Here the job is to print only the lines from the one containing "Preview wallpaper motorcycle, motorcyclist, cross, bike, helmet" to the end of the entries, both included, exactly as they stand, with pictures excluded.

====

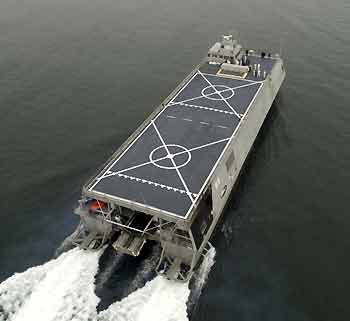 The Littoral Surface Craft-Experimental LSC(X), developed by the Office of Naval Research and christened Sea Fighter (FSF 1), arrives at her new homeport of San Diego California, August 1, 2005. This high speed aluminium catamaran will test a variety of technologies that will allow the Navy to operate in littoral waters. With a base crew of 26, Sea Fighter will also provide a platform for the evaluation of minimum manning concepts on future naval surface ships. REUTERS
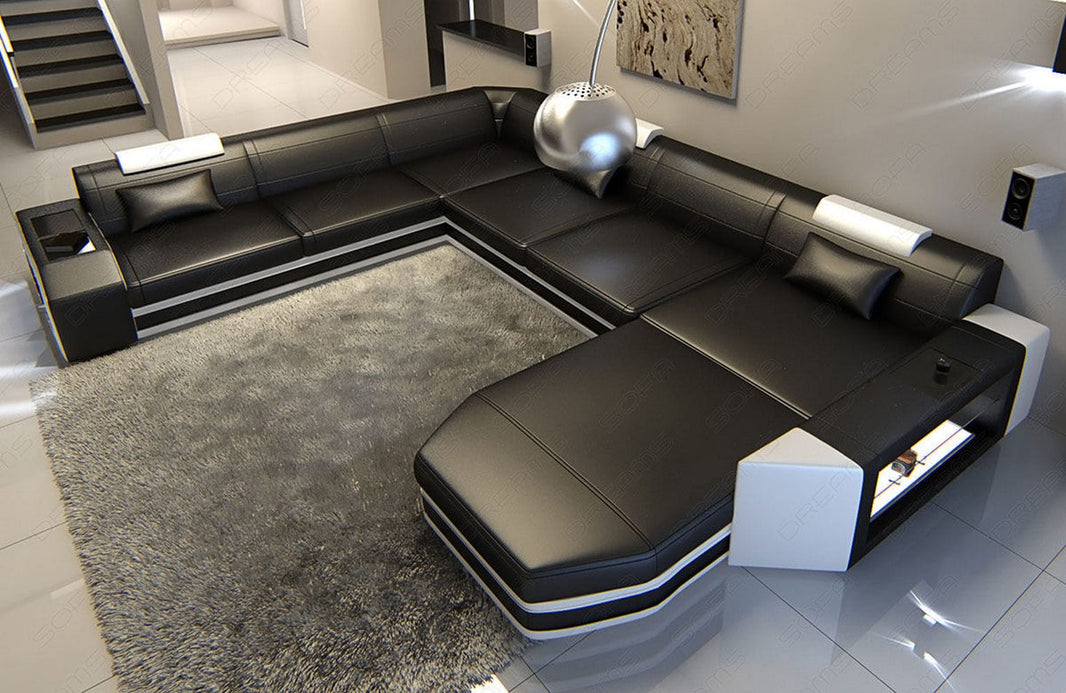 Mini XXL Wohnlandschaft Mega Prato U-Form in Leder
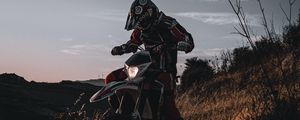 Preview wallpaper motorcycle, motorcyclist, cross, bike, helmet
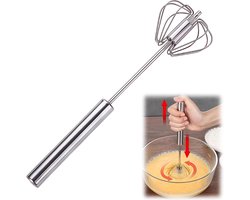 Alriedy Stainless Steel Semi-Automatic Whisk, Stainless Steel Semi-Automatic Whisk, Hand Mixer without Power, Hand Blender for Strokes Easy to Clean for Kitchen and Baking (25.4
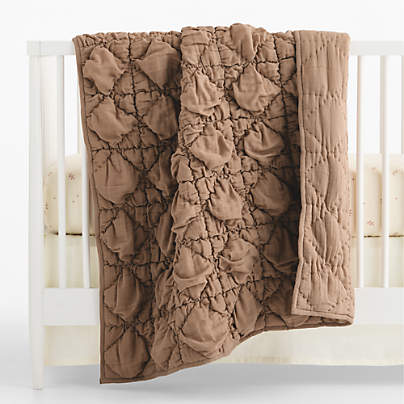 Supersoft Snuggle Puff Almond Brown Organic Cotton Gauze Baby Crib Quilt
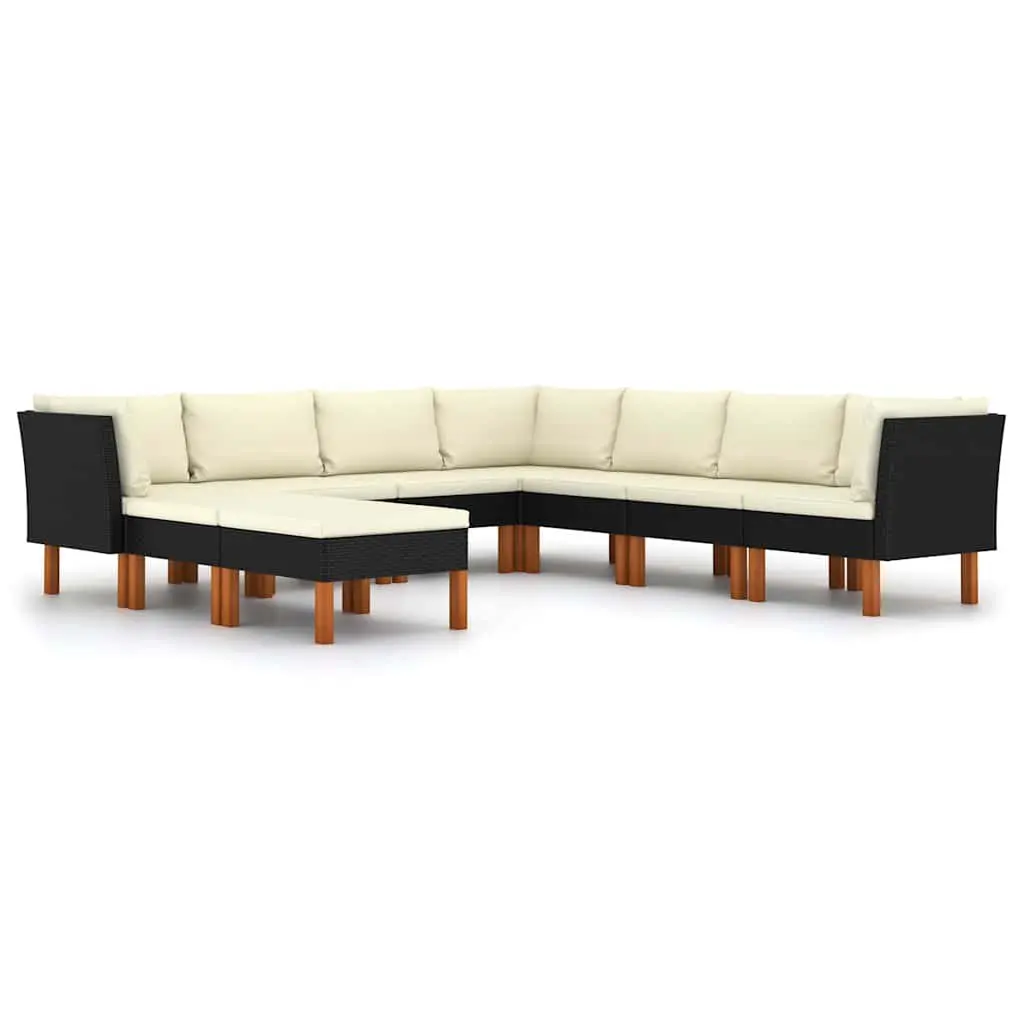 Garden Lounge Set 9 Piece Outdoor Furniture Poly Rattan Sofa with Cushions Black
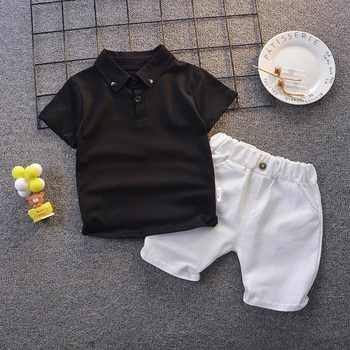 Летняя одежда для маленьких мальчиков, однотонный черный топ + белые шорты, 2 предмета, детский праздничный костюм, короткий наряд для мальчиков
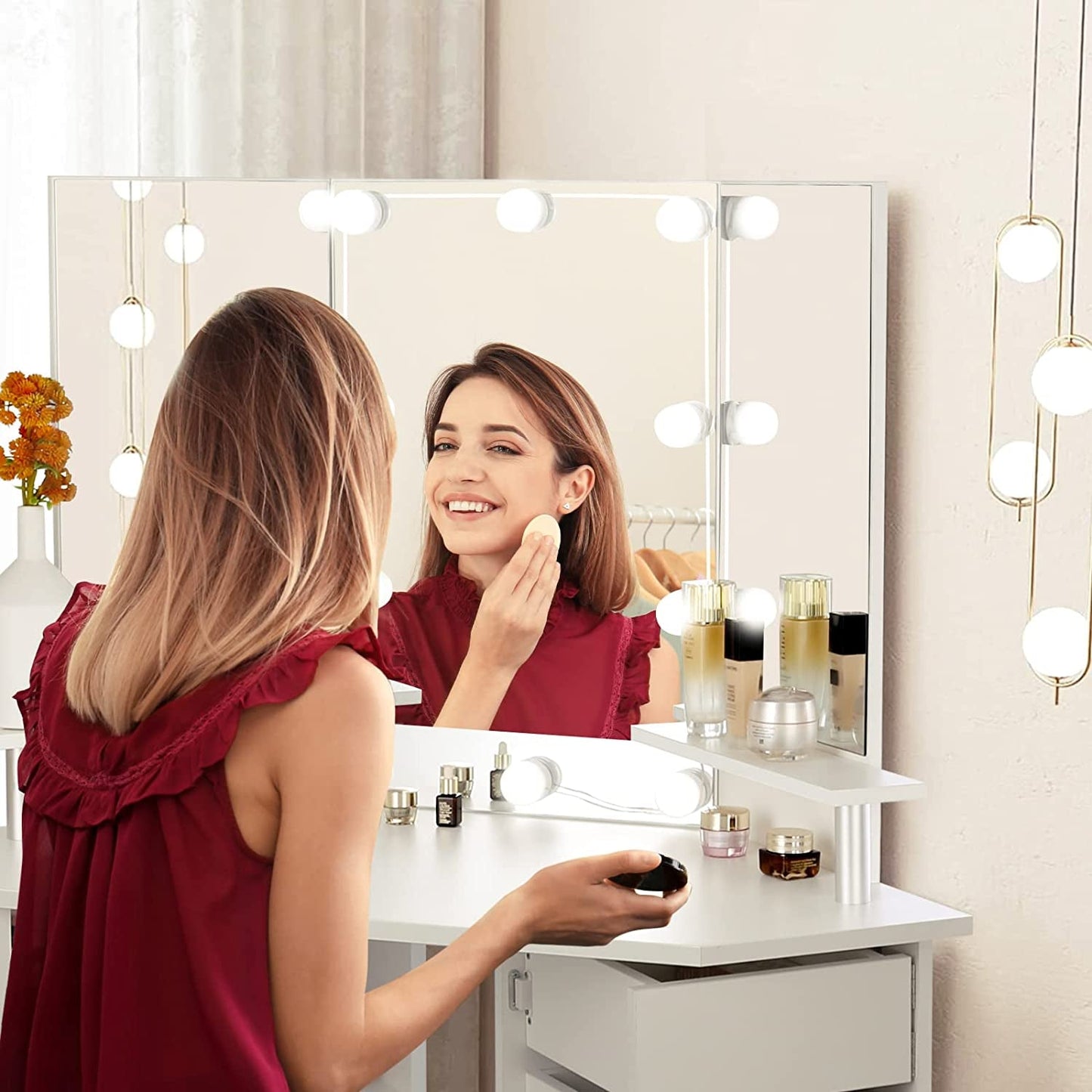 Corner Vanity Desk with Lights and Drawers-4
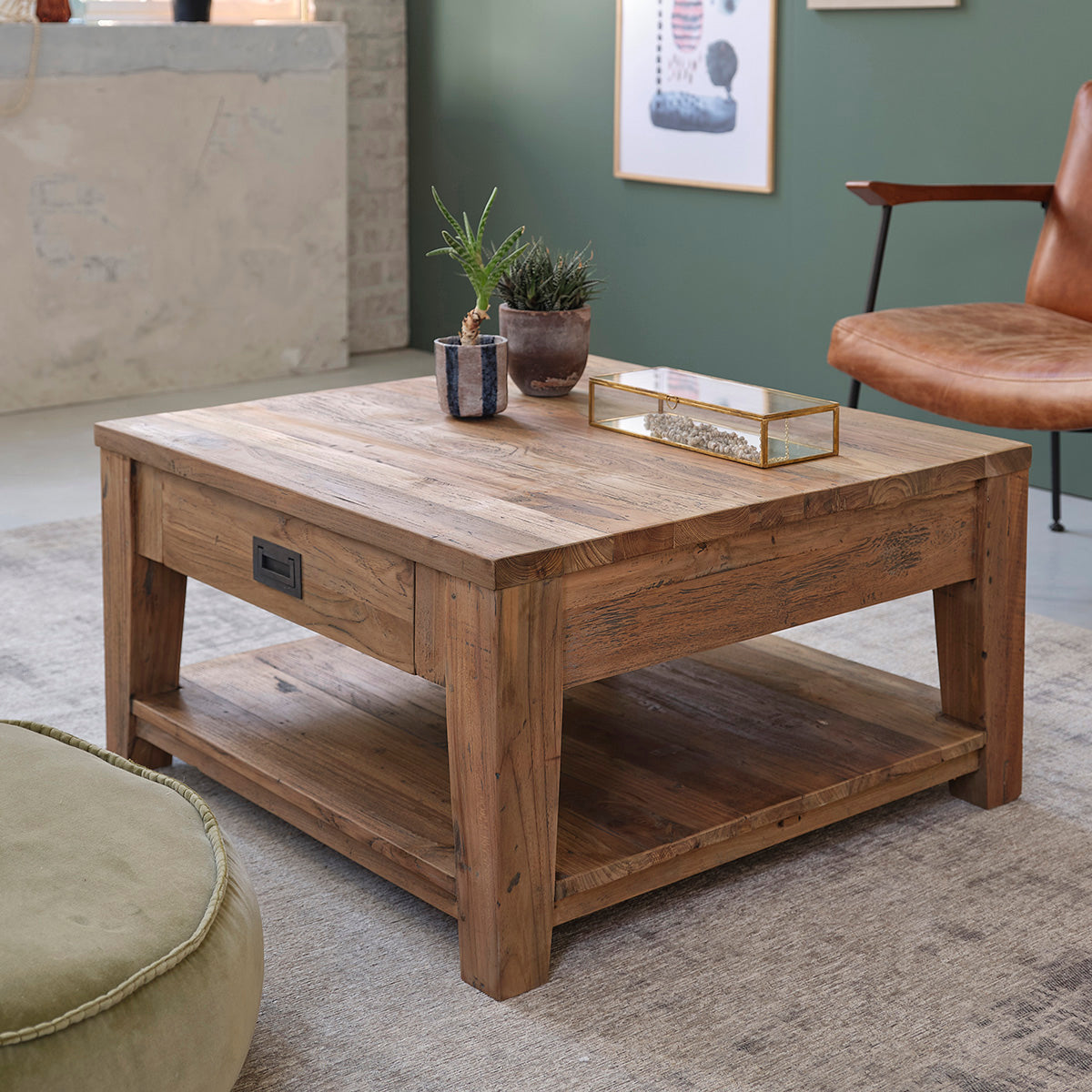 CARGO - Tavolino in teak massello riciclato 80 cm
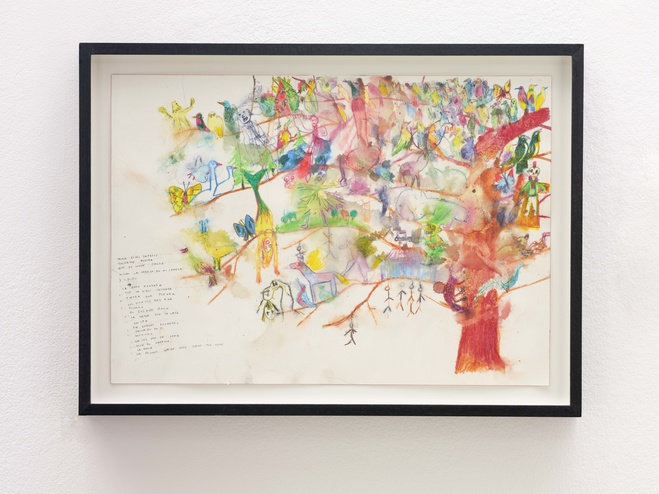 José María Sicilia, el pájaro parlante, 2017, papier coton, aquarelle et crayon graphite, 51 x 36 cm (encadré), Courtesy de l’artiste et de l’artiste et Galerie Chantal Crousel, Paris Photo : Florian Kleinefenn 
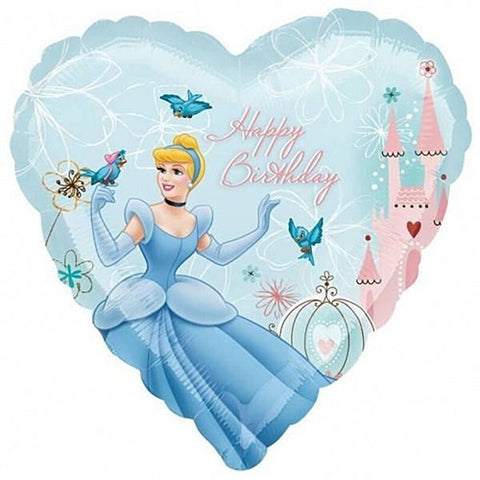Foil Balloon 18" - Disney Princess Cinderella Birthday Heart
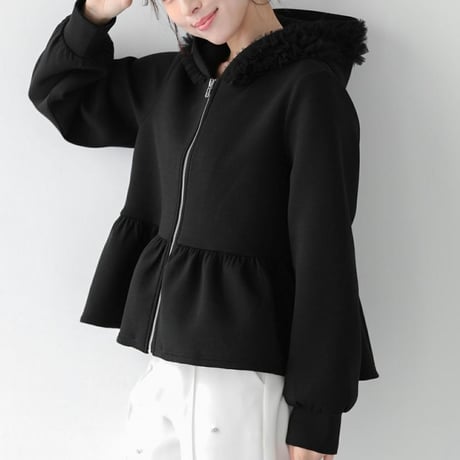 Frill Hoodie｜フリルメッシュフード付きペプラムジップフーディ（3color）　HB1068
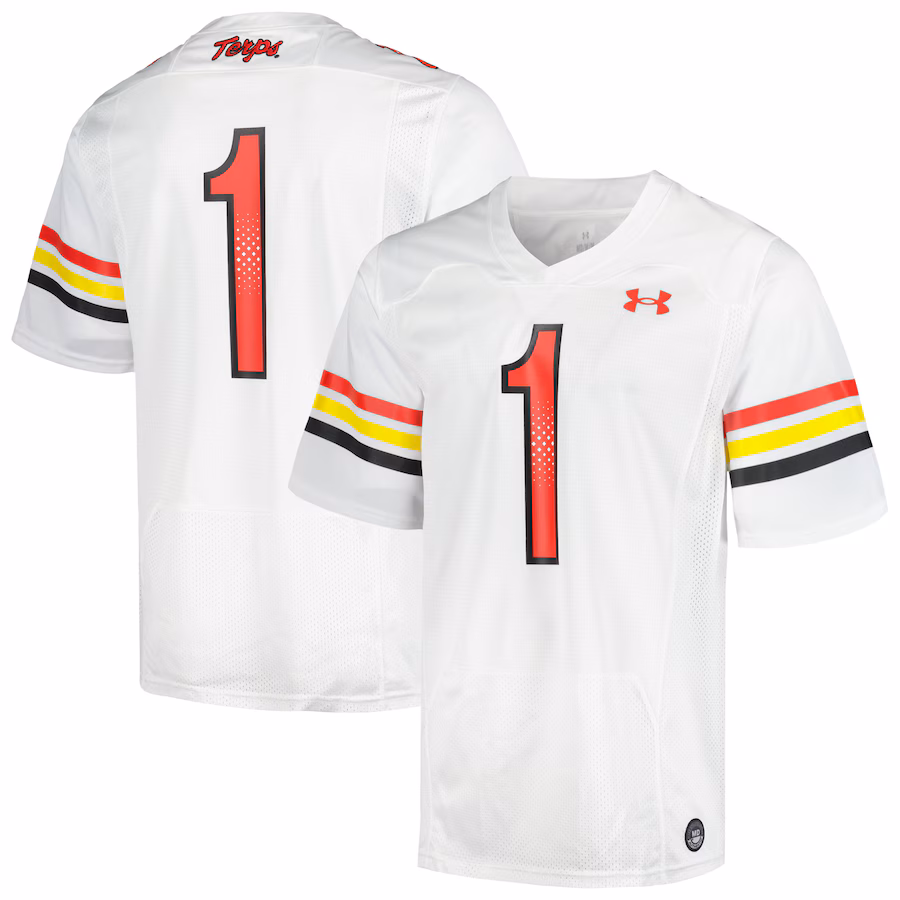 Men's Under Armour #1 White Maryland Terrapins Replica Football Jersey - Puhuasuan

====

# [Output of the exercise]
 Preview wallpaper motorcycle, motorcyclist, cross, bike, helmet
 Alriedy Stainless Steel Semi-Automatic Whisk, Stainless Steel Semi-Automatic Whisk, Hand Mixer without Power, Hand Blender for Strokes Easy to Clean for Kitchen and Baking (25.4
 Supersoft Snuggle Puff Almond Brown Organic Cotton Gauze Baby Crib Quilt
 Garden Lounge Set 9 Piece Outdoor Furniture Poly Rattan Sofa with Cushions Black
 Летняя одежда для маленьких мальчиков, однотонный черный топ + белые шорты, 2 предмета, детский праздничный костюм, короткий наряд для мальчиков
 Corner Vanity Desk with Lights and Drawers-4
 CARGO - Tavolino in teak massello riciclato 80 cm
 José María Sicilia, el pájaro parlante, 2017, papier coton, aquarelle et crayon graphite, 51 x 36 cm (encadré), Courtesy de l’artiste et de l’artiste et Galerie Chantal Crousel, Paris Photo : Florian Kleinefenn 
Foil Balloon 18" - Disney Princess Cinderella Birthday Heart
 Frill Hoodie｜フリルメッシュフード付きペプラムジップフーディ（3color）　HB1068
 Men's Under Armour #1 White Maryland Terrapins Replica Football Jersey - Puhuasuan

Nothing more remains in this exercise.